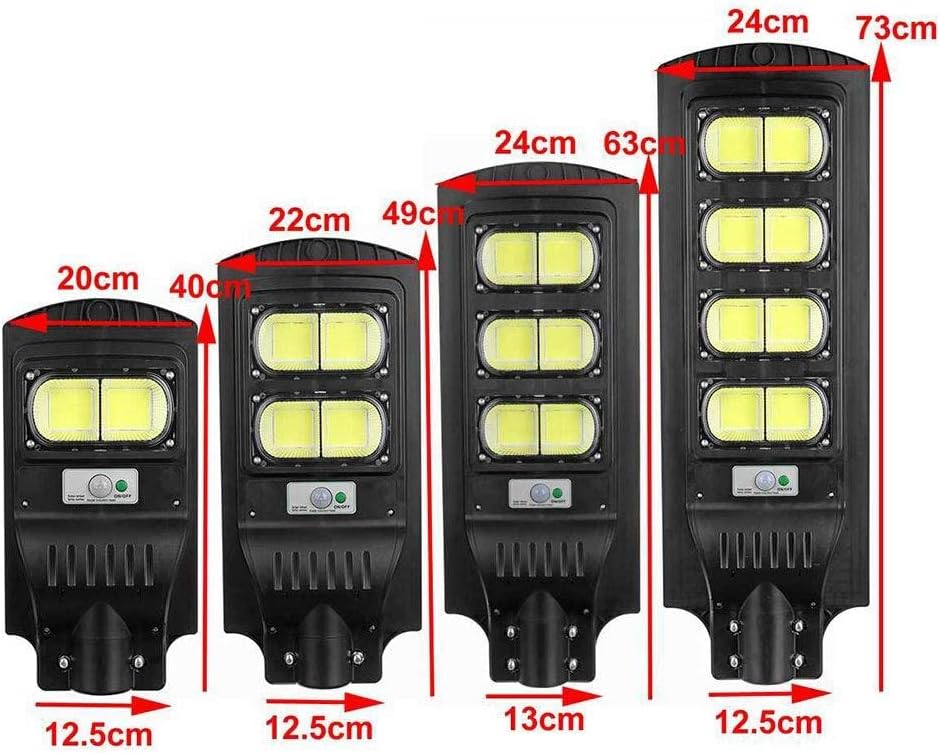 Solar Light Lamp Floodlight Reflector Motion Sensor Outdoor LED Street Luminaria Led Garden Decoration Remote Controller with Remote Control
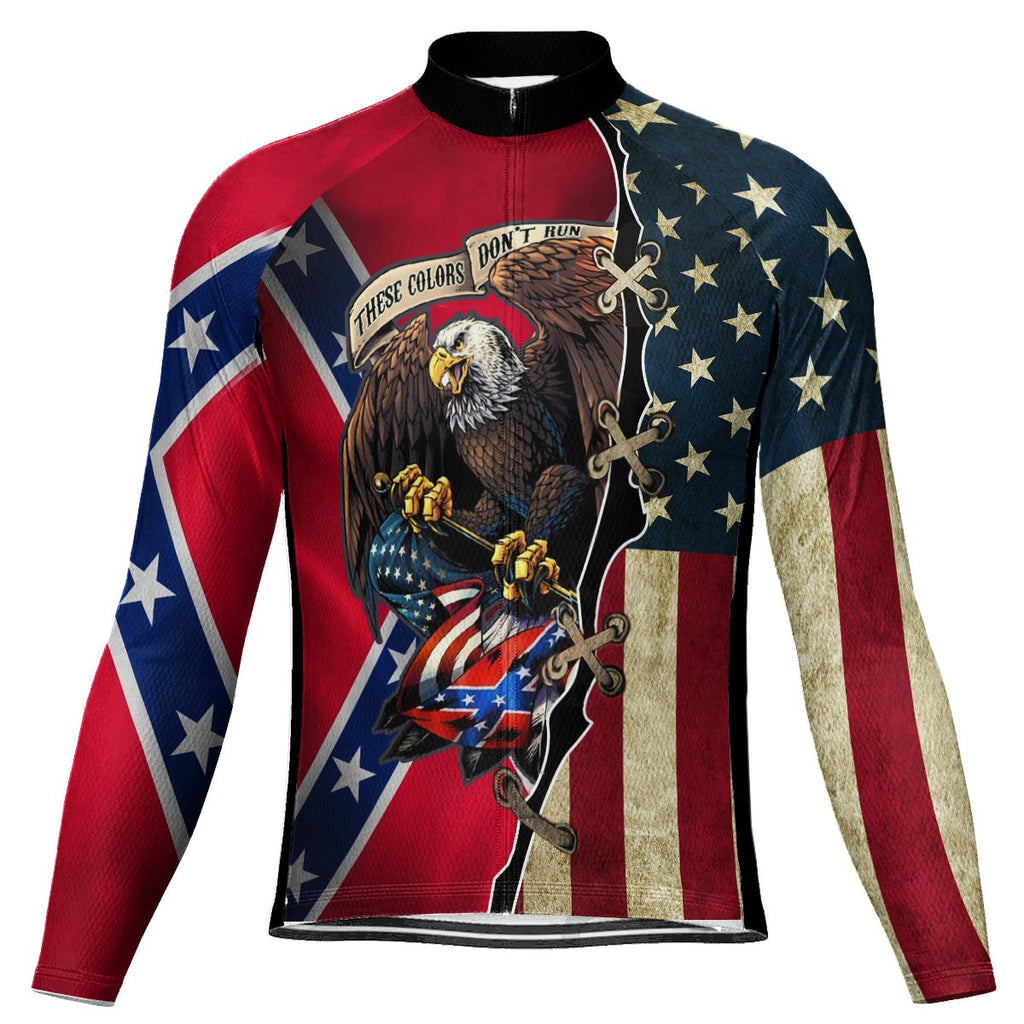 Customized Red Neck Long Sleeve Cycling Jersey for Men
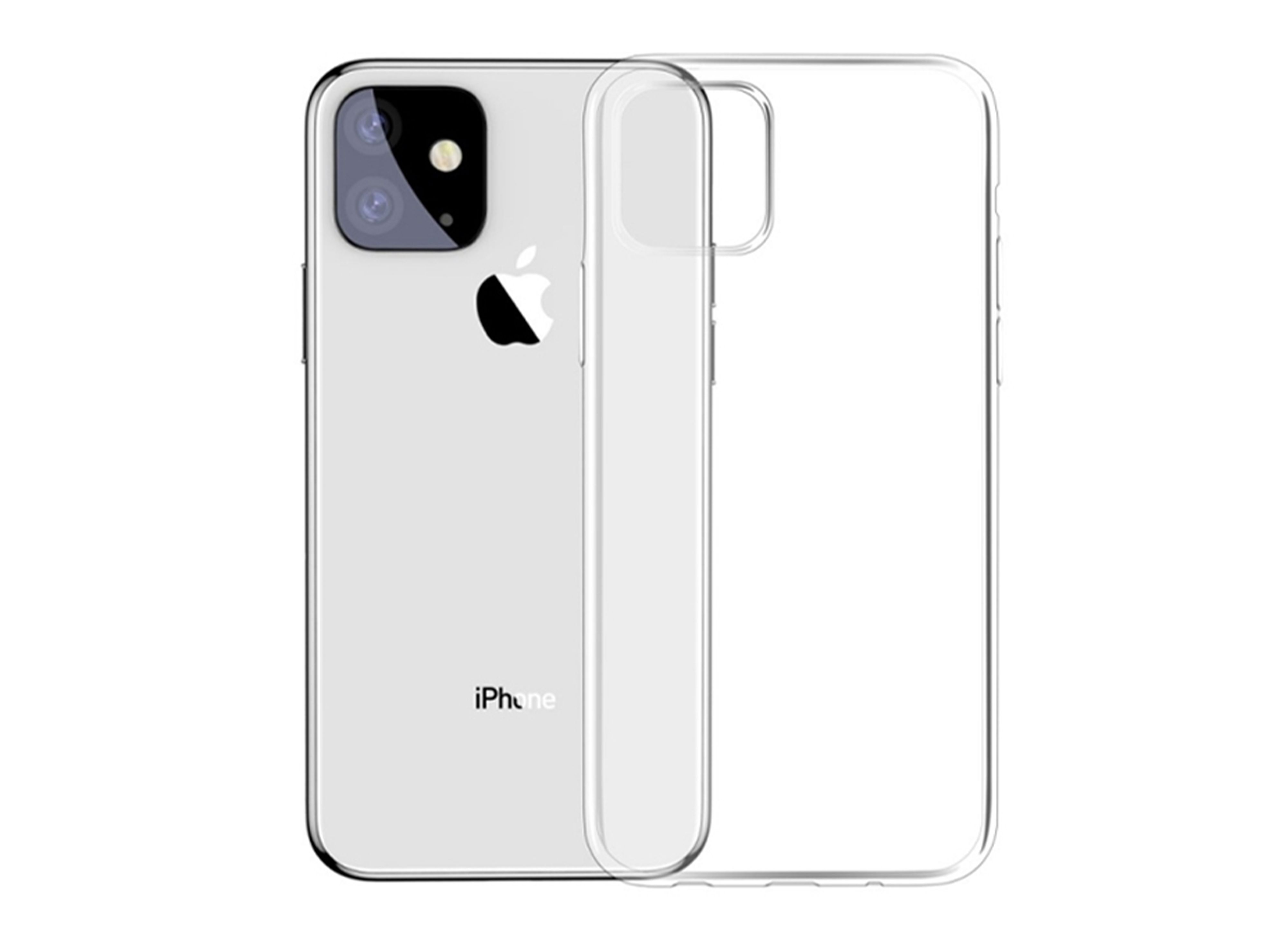 Силиконов прозрачен калъф гръб кейс MBX 1.8-2mm - iPhone 11 (6.1)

════════════════

Exclude all images and retype the data precisely.

▸ WRITTEN ANSWER
 Solar Light Lamp Floodlight Reflector Motion Sensor Outdoor LED Street Luminaria Led Garden Decoration Remote Controller with Remote Control
 Customized Red Neck Long Sleeve Cycling Jersey for Men
 Силиконов прозрачен калъф гръб кейс MBX 1.8-2mm - iPhone 11 (6.1)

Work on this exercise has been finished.